WHAT THE TASK REQUIRES —
Copy exactly the lines of the material below that fall between the line with "Astell & Kern" and the line with "Members of the", both of those lines included; pictures stay out.

RECORDS —
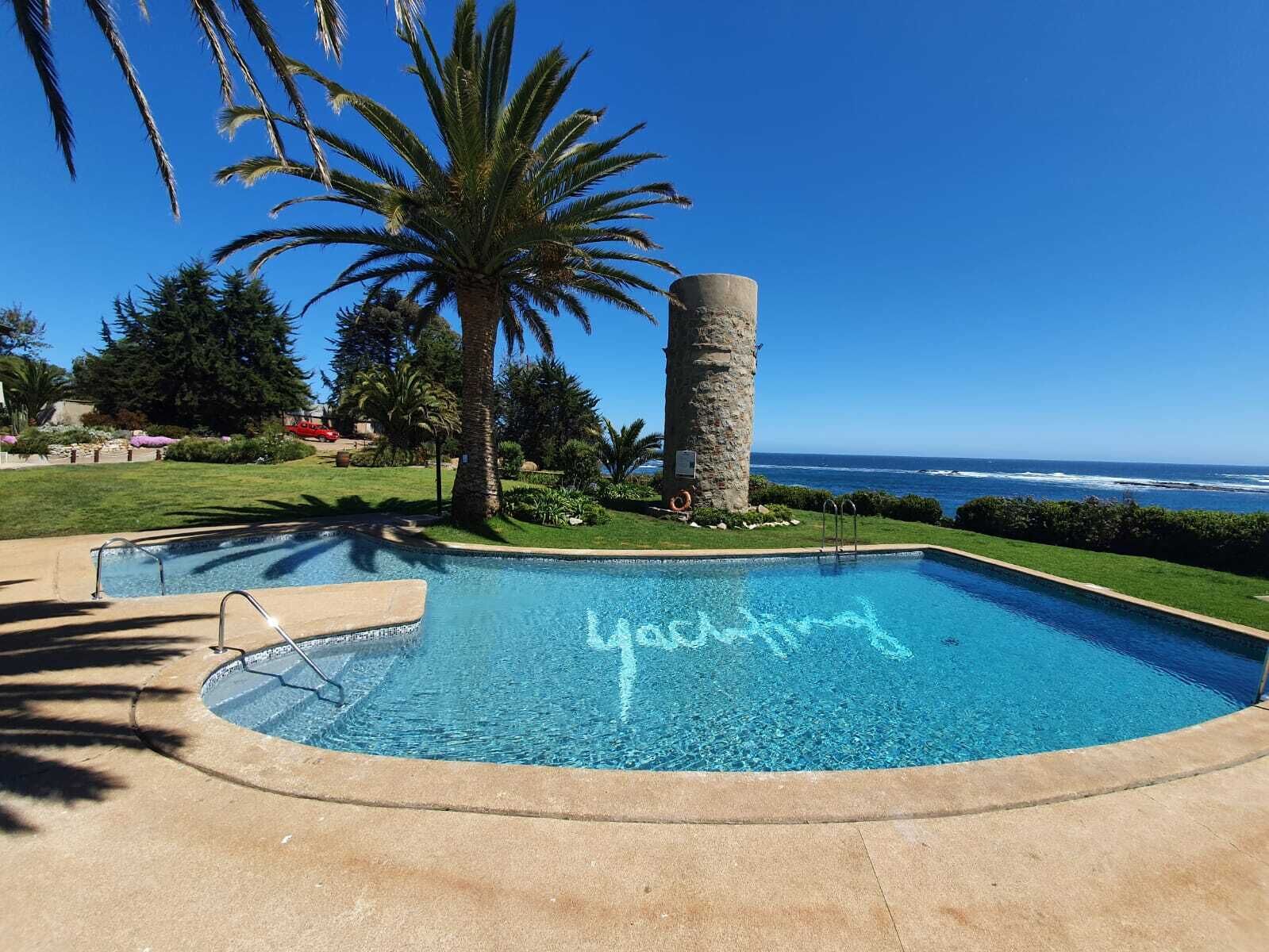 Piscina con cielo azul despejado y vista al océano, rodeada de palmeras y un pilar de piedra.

---

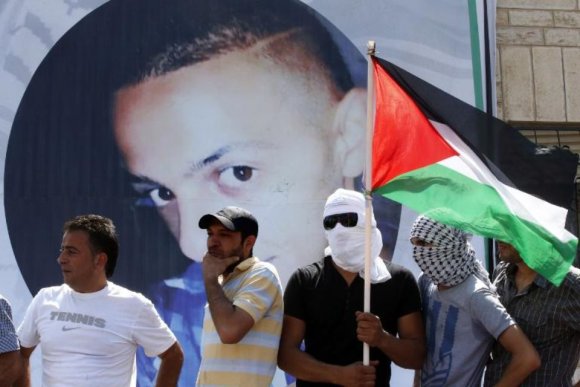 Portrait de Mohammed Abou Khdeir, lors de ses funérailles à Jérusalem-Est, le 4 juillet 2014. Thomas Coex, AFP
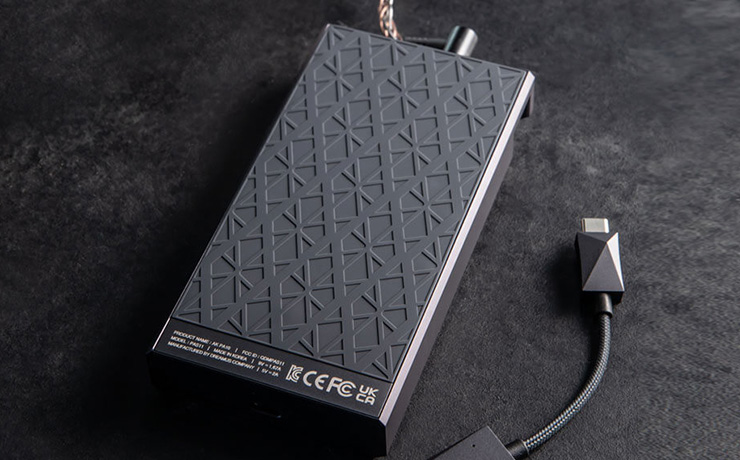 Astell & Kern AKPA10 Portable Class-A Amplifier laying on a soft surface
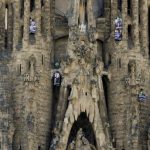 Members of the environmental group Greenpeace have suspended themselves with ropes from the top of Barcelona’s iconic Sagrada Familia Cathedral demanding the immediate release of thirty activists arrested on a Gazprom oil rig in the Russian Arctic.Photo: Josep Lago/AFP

...

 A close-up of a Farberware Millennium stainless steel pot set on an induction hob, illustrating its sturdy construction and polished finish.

FINAL ANSWER —
 Astell & Kern AKPA10 Portable Class-A Amplifier laying on a soft surface
 Members of the environmental group Greenpeace have suspended themselves with ropes from the top of Barcelona’s iconic Sagrada Familia Cathedral demanding the immediate release of thirty activists arrested on a Gazprom oil rig in the Russian Arctic.Photo: Josep Lago/AFP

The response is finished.